- Exercise data
######

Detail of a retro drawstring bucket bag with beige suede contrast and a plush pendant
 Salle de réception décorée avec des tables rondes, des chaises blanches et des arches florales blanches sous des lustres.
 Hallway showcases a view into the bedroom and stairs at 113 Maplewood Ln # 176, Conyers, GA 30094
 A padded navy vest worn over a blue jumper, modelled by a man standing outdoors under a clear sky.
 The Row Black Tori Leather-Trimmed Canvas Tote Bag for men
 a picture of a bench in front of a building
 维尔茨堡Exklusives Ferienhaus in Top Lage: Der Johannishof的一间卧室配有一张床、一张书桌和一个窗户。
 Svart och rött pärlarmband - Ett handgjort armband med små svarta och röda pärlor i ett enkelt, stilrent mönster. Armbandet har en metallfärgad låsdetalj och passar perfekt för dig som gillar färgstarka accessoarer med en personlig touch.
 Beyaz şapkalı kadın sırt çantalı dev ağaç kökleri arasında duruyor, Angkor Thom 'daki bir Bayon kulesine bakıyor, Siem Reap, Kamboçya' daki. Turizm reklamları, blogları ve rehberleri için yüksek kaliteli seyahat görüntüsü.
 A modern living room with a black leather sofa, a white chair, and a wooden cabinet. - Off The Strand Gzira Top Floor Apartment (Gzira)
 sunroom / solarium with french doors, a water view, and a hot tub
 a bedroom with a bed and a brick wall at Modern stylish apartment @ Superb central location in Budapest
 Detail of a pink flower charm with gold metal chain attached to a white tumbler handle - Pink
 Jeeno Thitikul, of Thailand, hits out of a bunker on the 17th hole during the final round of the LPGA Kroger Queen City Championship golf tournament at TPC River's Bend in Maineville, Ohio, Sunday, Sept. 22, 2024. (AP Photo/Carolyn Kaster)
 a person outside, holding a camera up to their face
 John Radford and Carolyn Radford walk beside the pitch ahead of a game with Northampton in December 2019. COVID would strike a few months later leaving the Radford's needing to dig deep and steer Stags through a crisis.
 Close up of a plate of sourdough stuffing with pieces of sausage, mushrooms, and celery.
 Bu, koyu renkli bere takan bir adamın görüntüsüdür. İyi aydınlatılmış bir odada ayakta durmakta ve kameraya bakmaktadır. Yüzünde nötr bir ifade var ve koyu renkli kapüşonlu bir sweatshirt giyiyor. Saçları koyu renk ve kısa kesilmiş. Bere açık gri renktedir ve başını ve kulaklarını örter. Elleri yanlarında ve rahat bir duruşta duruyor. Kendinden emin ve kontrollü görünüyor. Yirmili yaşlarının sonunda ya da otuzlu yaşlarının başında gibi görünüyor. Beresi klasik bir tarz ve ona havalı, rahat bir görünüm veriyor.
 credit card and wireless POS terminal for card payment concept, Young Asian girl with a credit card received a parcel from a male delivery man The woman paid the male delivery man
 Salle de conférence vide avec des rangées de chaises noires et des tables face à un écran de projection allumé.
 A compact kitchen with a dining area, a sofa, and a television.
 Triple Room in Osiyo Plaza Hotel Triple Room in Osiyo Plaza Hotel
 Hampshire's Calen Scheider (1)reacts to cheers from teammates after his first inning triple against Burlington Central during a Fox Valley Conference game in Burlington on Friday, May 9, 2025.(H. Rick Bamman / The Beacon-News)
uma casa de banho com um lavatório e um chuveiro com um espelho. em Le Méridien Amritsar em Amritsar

######

- Assignment
Copy out the lines from the line containing "Triple Room in Osiyo Plaza Hotel Triple" to the end of the listing above, without alteration.

- Output for this exercise
 Triple Room in Osiyo Plaza Hotel Triple Room in Osiyo Plaza Hotel
 Hampshire's Calen Scheider (1)reacts to cheers from teammates after his first inning triple against Burlington Central during a Fox Valley Conference game in Burlington on Friday, May 9, 2025.(H. Rick Bamman / The Beacon-News)
uma casa de banho com um lavatório e um chuveiro com um espelho. em Le Méridien Amritsar em Amritsar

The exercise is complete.